To use EXPLAIN productively, it's important to know the meaning of the columns in each row of output that it produces:
table is the name of the table to which the information in the row applies. EXPLAIN produces one row of output for each table named in the SELECT query. The order of the tables named in these rows indicates the order in which MySQL will read the tables to process the query. This is not necessarily the order in which you name them in the FROM clause, because the optimizer attempts to determine which order will result in the most efficient processing. The example in the preceding section shows this: The table order displayed by EXPLAIN changed as indexes were added.
type indicates the join type. The value is a measure of how efficiently MySQL can scan the table. The possible type values are described later in this section.

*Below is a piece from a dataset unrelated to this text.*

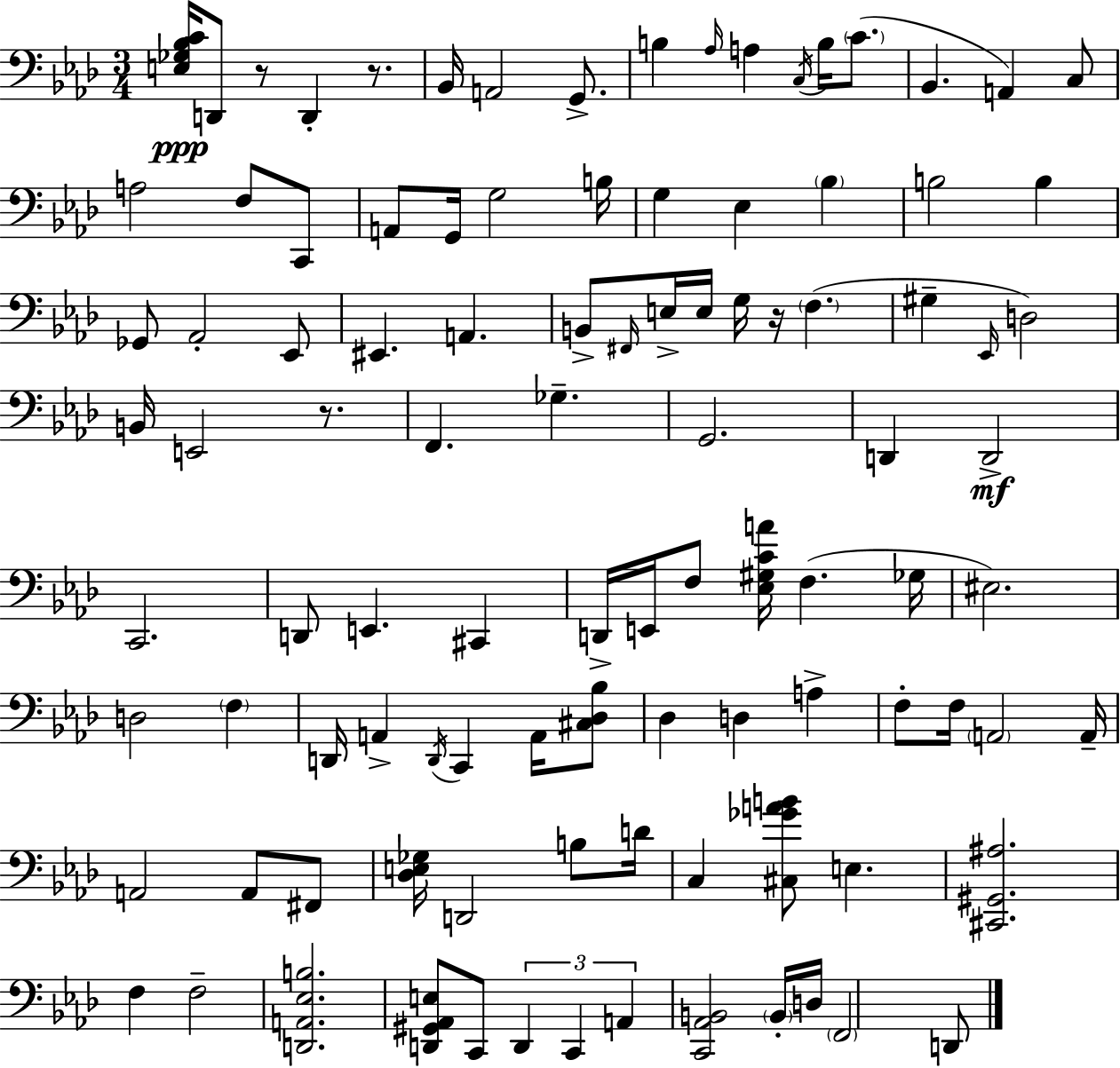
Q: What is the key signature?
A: F minor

possible_keys indicates which of the table's indexes MySQL considers to be candidates for identifying rows that satisfy the query. This value can be a list of one or more index names, or NULL if there are no candidates. The word PRIMARY indicates that MySQL considers the table's primary key to be a candidate.

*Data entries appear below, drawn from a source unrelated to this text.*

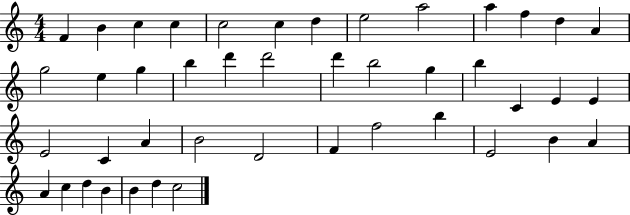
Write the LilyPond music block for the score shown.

{
  \clef treble
  \numericTimeSignature
  \time 4/4
  \key c \major
  f'4 b'4 c''4 c''4 | c''2 c''4 d''4 | e''2 a''2 | a''4 f''4 d''4 a'4 | \break g''2 e''4 g''4 | b''4 d'''4 d'''2 | d'''4 b''2 g''4 | b''4 c'4 e'4 e'4 | \break e'2 c'4 a'4 | b'2 d'2 | f'4 f''2 b''4 | e'2 b'4 a'4 | \break a'4 c''4 d''4 b'4 | b'4 d''4 c''2 | \bar "|."
}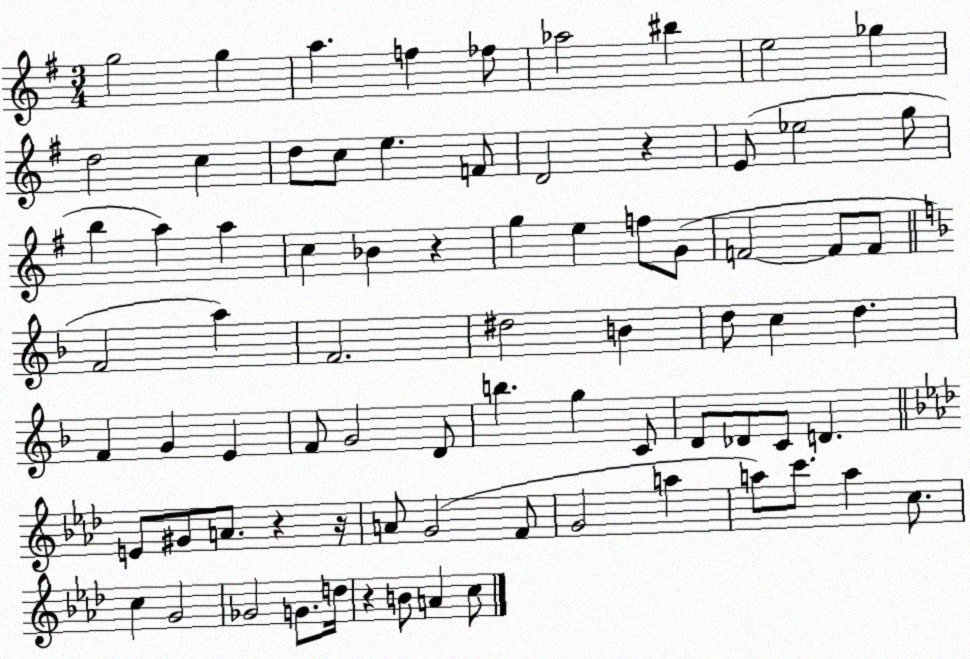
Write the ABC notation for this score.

X:1
T:Untitled
M:3/4
L:1/4
K:G
g2 g a f _f/2 _a2 ^b e2 _g d2 c d/2 c/2 e F/2 D2 z E/2 _e2 g/2 b a a c _B z g e f/2 G/2 F2 F/2 F/2 F2 a F2 ^d2 B d/2 c d F G E F/2 G2 D/2 b g C/2 D/2 _D/2 C/2 D E/2 ^G/2 A/2 z z/4 A/2 G2 F/2 G2 a a/2 c'/2 a c/2 c G2 _G2 G/2 d/4 z B/2 A c/2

key indicates the optimizer's decision about which of the candidate indexes listed in possible_keys will yield most efficient query execution. If the key value is NULL, it means no index was chosen. This might happen either because there were no candidates or because the optimizer believes it will be just as fast to scan the table rows as to use any of the possible indexes. A table scan might be chosen over an index scan if the table is small, or because the index would yield too high a percentage of the rows in the table to be of much use.

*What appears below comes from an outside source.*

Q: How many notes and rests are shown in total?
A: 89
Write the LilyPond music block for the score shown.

key_len indicates how many bytes of index rows are used. From this value, you can derive how many columns from the index are used. For example, if you have an index consisting of three INT columns, each index row contains three 4-byte values. If key_len is 12, you know that the optimizer uses all three columns of the index when processing the query. If key_len is 4 or 8, it uses only the first one or two columns (that is, it uses a leftmost prefix of the index).
If you've indexed partial values of string columns, take that into account when assessing the key_len value. Suppose that you have a composite index on two CHAR(8) columns that indexes only the first 4 bytes of each column. In this case, a key_len value of 8 means that both columns of the index would be used, not just the first column.
ref indicates which indexed column or columns are used to choose rows from the table. const means key values in the index are compared to a constant expression, such as in Code='FRA'. NULL indicates that neither a constant nor another column are being used, indicating selection by an expression or range of values. It might also indicate that the column does not contain the value specified by the constant expression. If neither NULL nor const is specified, a table_name.column_name combination will be shown, indicating that the optimizer is looking at column_name in the rows returned from table_name to identify rows for the current table.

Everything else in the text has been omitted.